Filsafat Jawa dengan pembahasan falsafah Jawa dasar dimulai dari falsafah dari tembang dolanan. Tembang “Gundul-Gundul Pacul” dan “Lir-Ilir” sudah tidak asing lagi bagi telinga orang Jawa pada khususnya. Dua lagu tersebut kelihatan sangat sepele padahal jika ditelusuri secara mendalam, dua lagu itu memiliki makna yang sangat luas. Landasan Tembang Jawa ini diciptakan tahun 1400 an oleh Sunan Kalijaga dan teman-temannya yang masih remaja dan mempunyai arti filosofis yang sangat dalam dan sangat mulia.
Lirik Lagu "Gundul-gundul Pacul"
Gundul-gundul pacul cul gembelengan
Nyunggi-nyunggi wakul kul gembelengan
Wakul ngglimpang segane dadi sak latar
Makna
Gundul adalah kepala plonthos tanpa rambut. Kepala adalah lambang kehormatan, kemuliaan seseorang. Maka gundul artinya kehormatan yang tanpa mahkota.
Pacul adalah cangkul yaitu alat petani yang terbuat dari lempeng besi segi empat.Pacul adalah lambang kawula rendah yang kebanyakan adalah petani.
Gundul Pacul artinya bahwa seorang pemimpin sesungguhnya bukan orang yang diberi mahkota tetapi dia adalah pembawa pacul untuk mencangkul, mengupayakan kesejahteraan bagi rakyatnya. Orang Jawa mengatakan pacul adalah papat kang ucul (empat yang lepas). Artinya bahwa: kemuliaan seseorang akan sangat tergantung empat hal bagaimana menggunakan mata, hidung, telinga dan mulutnya.
1. Mata digunakan untuk melihat kesulitan rakyat.
2. Telinga digunakan untuk mendengar nasehat.
3. Hidung digunakan untuk mencium wewangian kebaikan.
4. Mulut digunakan untuk berkata-kata yang adil. Jika empat hal itu lepas, maka lepaslah kehormatannya.
Gembelengan artinya, besar kepala, sewenang-wenang. Banyak pemimpin yang lupa bahwa dirinya sesungguhnya mengemban amanah rakyat. Tetapi dia malah:
1. Menggunakan kekuasaannya sebagai kemuliaan dirinya.
2. Menggunakan kedudukannya untuk. berbangga-bangga di antara manusia.
3. Dia menganggap kekuasaan itu karena kepandaiannya.
Nyunggi wakul, gembelengan Nyunggi wakul artinya membawa bakul (tempat nasi) di kepalanya.

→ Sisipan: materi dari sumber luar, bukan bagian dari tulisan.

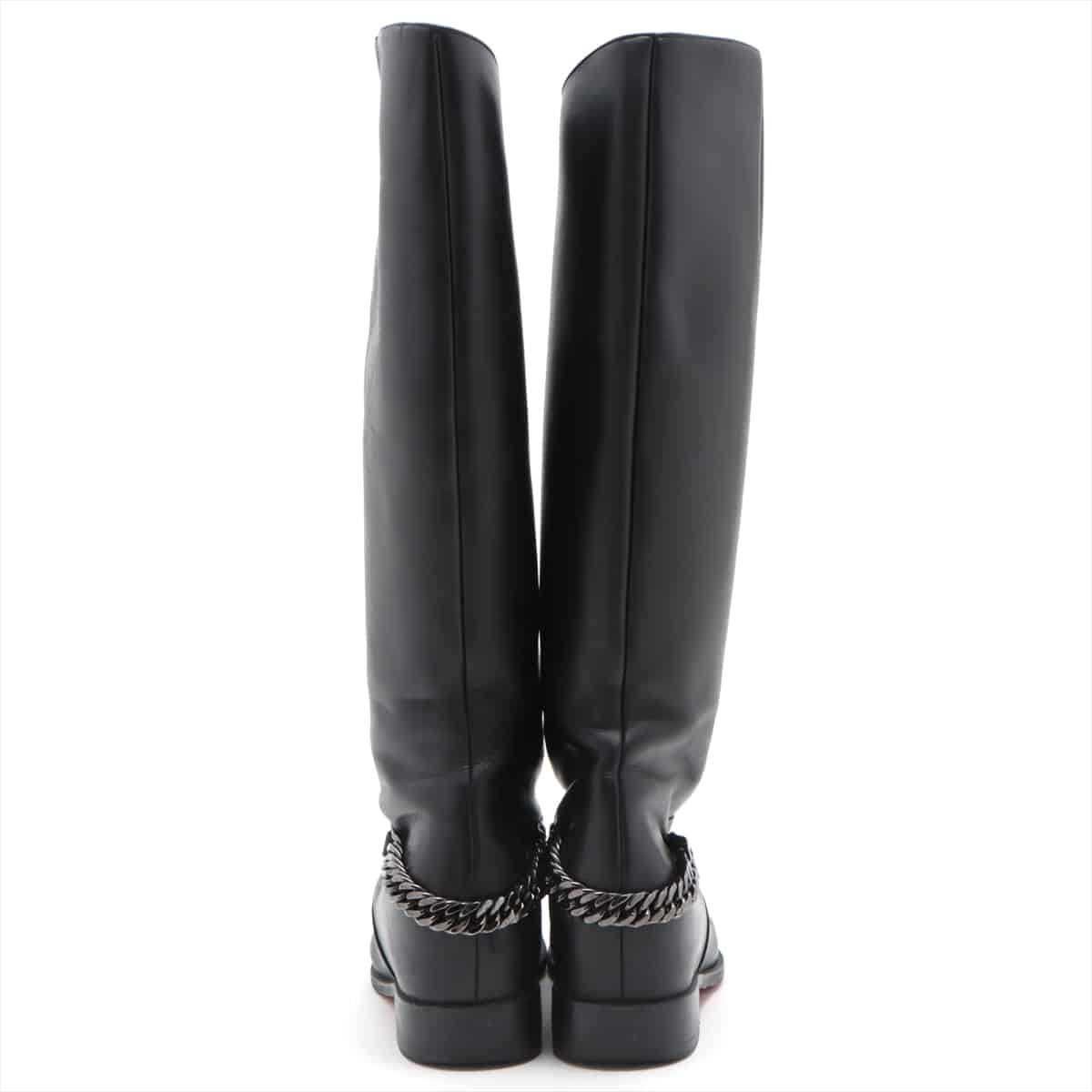 Christian Louboutin Leather Long boots 36 1/2 Ladies' Black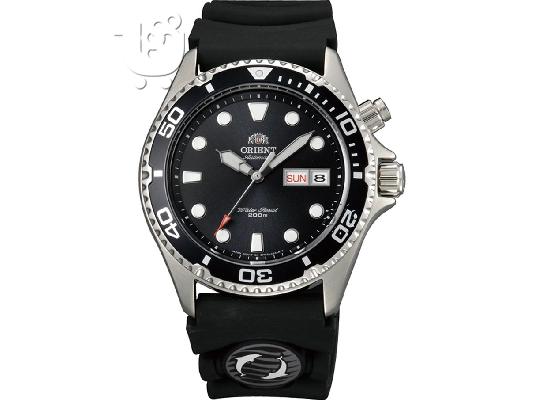 PoulaTo: ORIENT Automatic Black Rubber Strap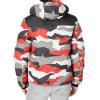 image:imageDKNY Mens Mixed Media Quilted Puffer JacketRed Dazzle Camo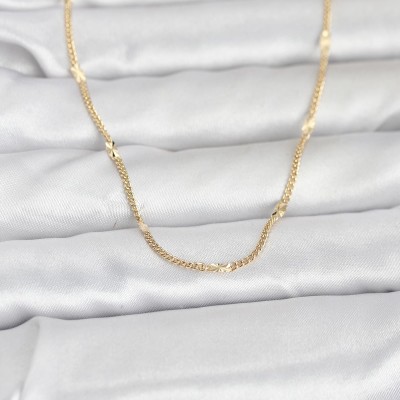 CM 14K Gold Renk Lazer Puntalı Model 60 cm Kadın Kolye CM 14K Gold Renk Lazer Puntalı Model 60 cm Kadın Kolye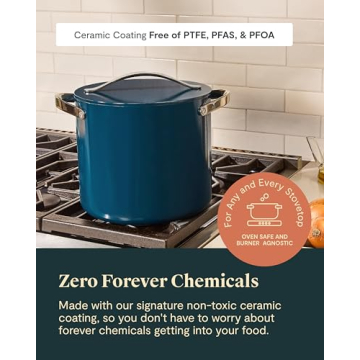 Caraway 12 Qt Non-Toxic Stock Pot - Perfect for Soups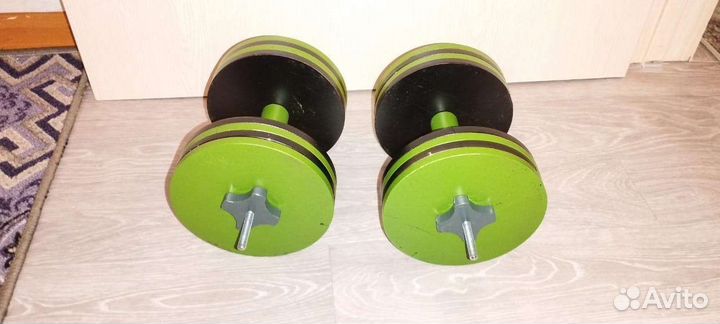 Гантели разборные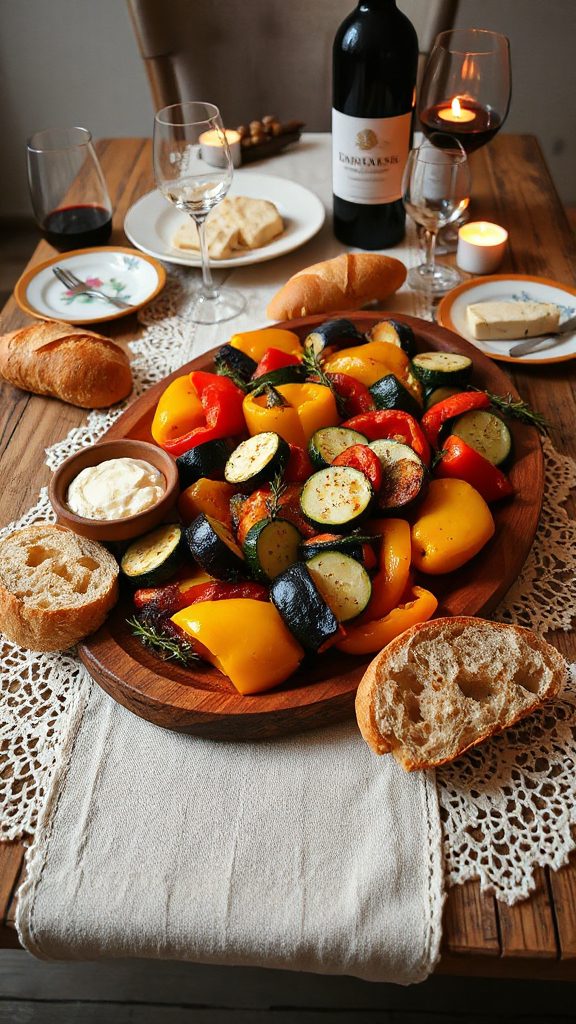 vibrant vegetable medley dish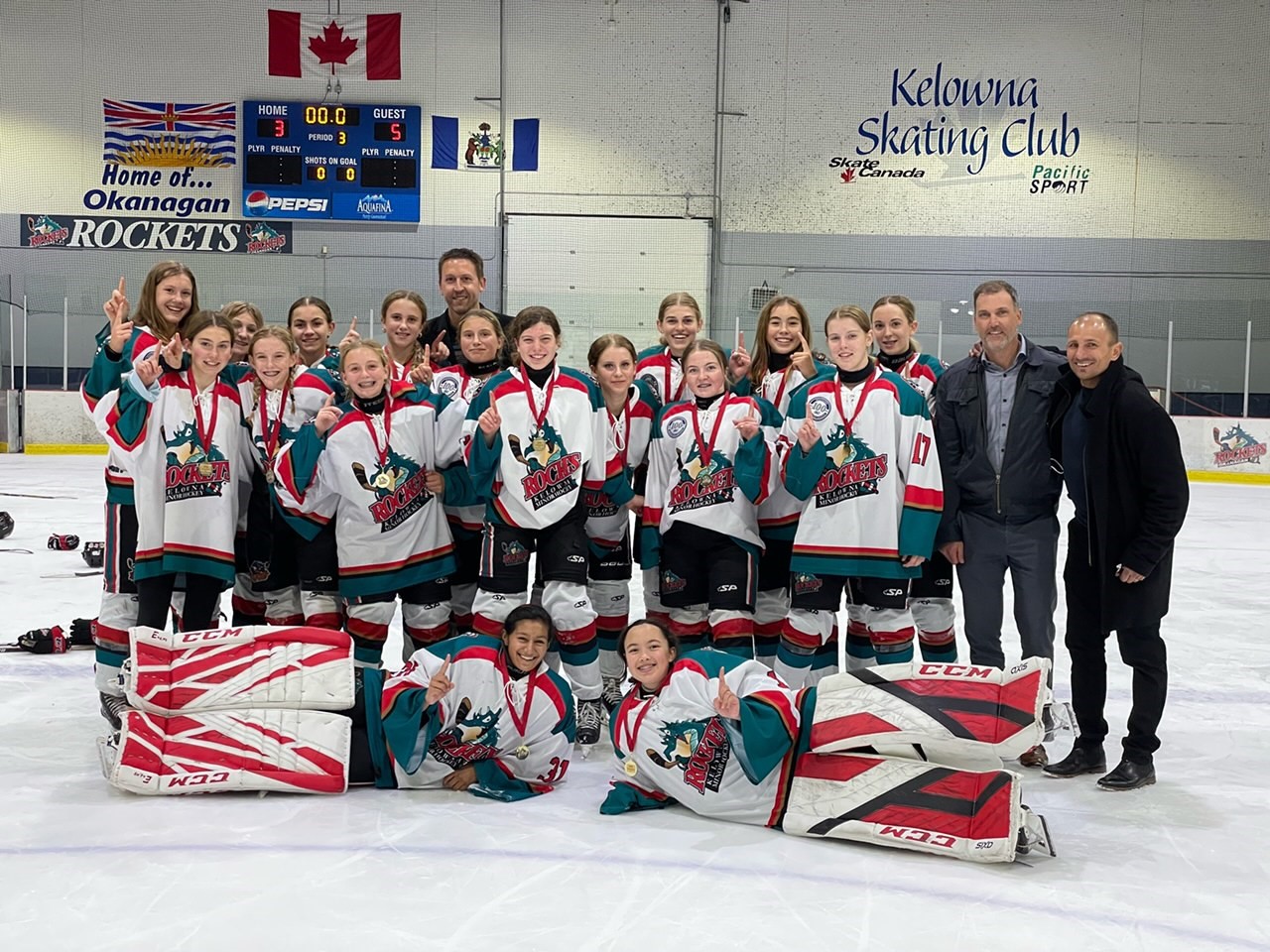 U15 Female A Wins Home Tournament Kelowna Minor Hockey Association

Banyak pemimpin yang lupa bahwa dia mengemban amanah penting membawa bakul dikepalanya. Wakul adalah simbol kesejahteraan rakyat.Kekayaan negara, sumberdaya, Pajak adalah isinya. Artinya bahwa kepala yang dia anggap kehormatannya berada di bawah bakul milik rakyat. Kedudukannya di bawah bakul rakyat. Siapa yang lebih tinggi kedudukannya, pembawa bakul atau pemilik bakul? Tentu saja pemilik bakul. Pembawa bakul hanyalah pembantu si pemiliknya, dan banyak pemimpin yang masih gembelengan (melenggak lenggokkan kepala dengan sombong dan bermain-main).
Akibatnya wakul ngglimpang segane dadi sak latar, Bakul terguling dan nasinya tumpah ke mana-mana.
Jika pemimpin gembelengan, maka sumber daya akan tumpah ke mana-mana. Dia tak terdistribusi dengan baik. Kesenjangan ada dimana-mana. Nasi yang tumpah di tanah tak akan bisa dimakan lagi karena kotor. Maka gagallah tugasnya mengemban amanah rakyat.